John Hempelmann, Foundation President, moderated the event and set the stage by reflecting on the strengths of Senator Jackson’s leadership qualities. A few major themes emerged from the discussion. General Lanza noted the commonality between academia, business and the military when it comes to addressing leadership development. I was struck again by General Lanza’s evident passion for building leaders of character. He emphasized that “character” was different than “competence” and that while one can teach competence, character is integral to true leadership. “We want trust between the leaders and the led,” Lanza said.
Ms. Piasecki described character as when one shows wisdom during adversity and behaves properly even when no one else will notice, something which resonated with the panel. “There’s only one standard – and that’s doing the right thing,” she emphasized.
A few other qualities were called out in describing exceptional leaders: Expertise is essential to successful leadership, and was a quality that Senator Jackson valued and sought in his staff and advisors, Mr. Hempelmann stressed. Several speakers noted the importance of mentorship to developing capable leaders and allowing people to make mistakes and learn from them. Nicole Piasecki stressed that expertise must be shared between workers so that during employee turnover, institutional knowledge does not get lost.

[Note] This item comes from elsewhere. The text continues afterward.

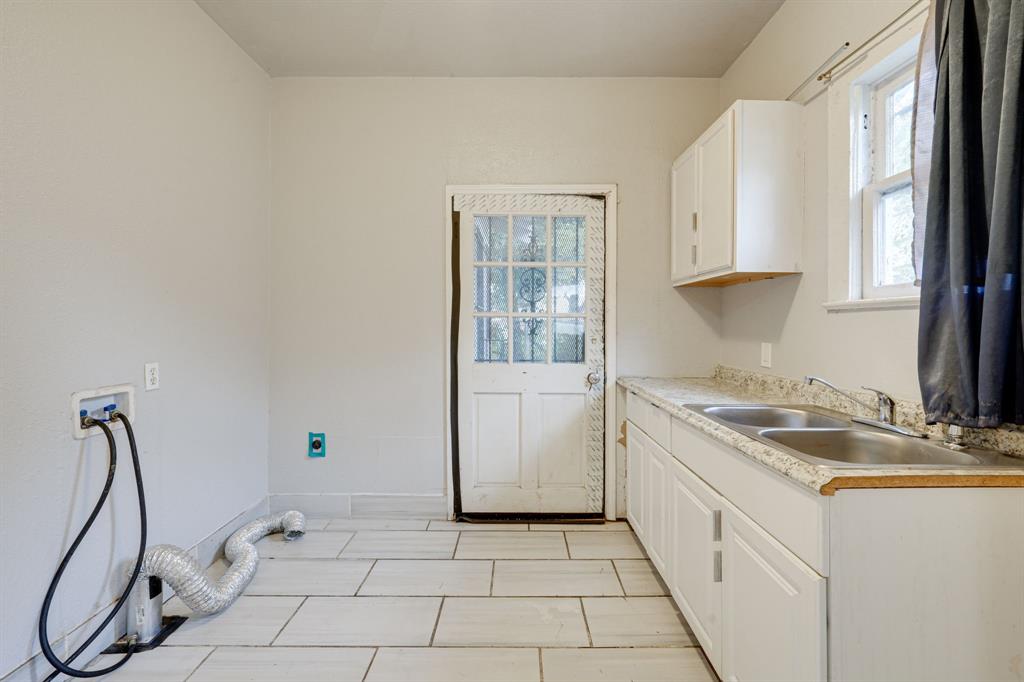 Ervay Street Heights - Residential Lease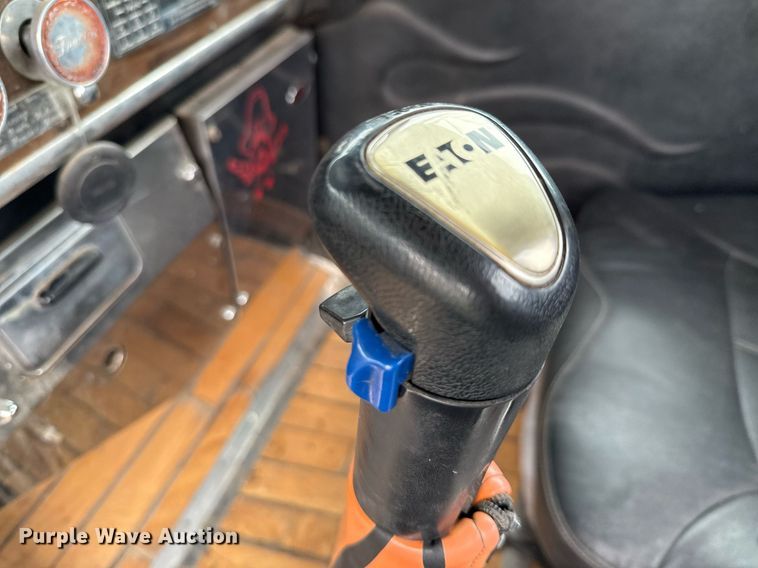 image for item ED5597 1983 Peterbilt  359 semi truck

Finally, several panelists offered that there are differences between genders when it comes to leadership styles. Ms. Campbell noted that “there is beauty in diversity, and gender is only one aspect,” but that women may tend to network more throughout an organization, work toward building consensus and connections in a large organization. In addition, women may be more willing to ask questions for clarification and to listen to everyone in the room. Men may tend to work more directly with a straight-line approach to a particular end point.
The room, filled with students, members of the community, and young military personnel, appreciated both the diversity of the sectors represented as well as the depth of the panelists’ experience. It was a memorable session.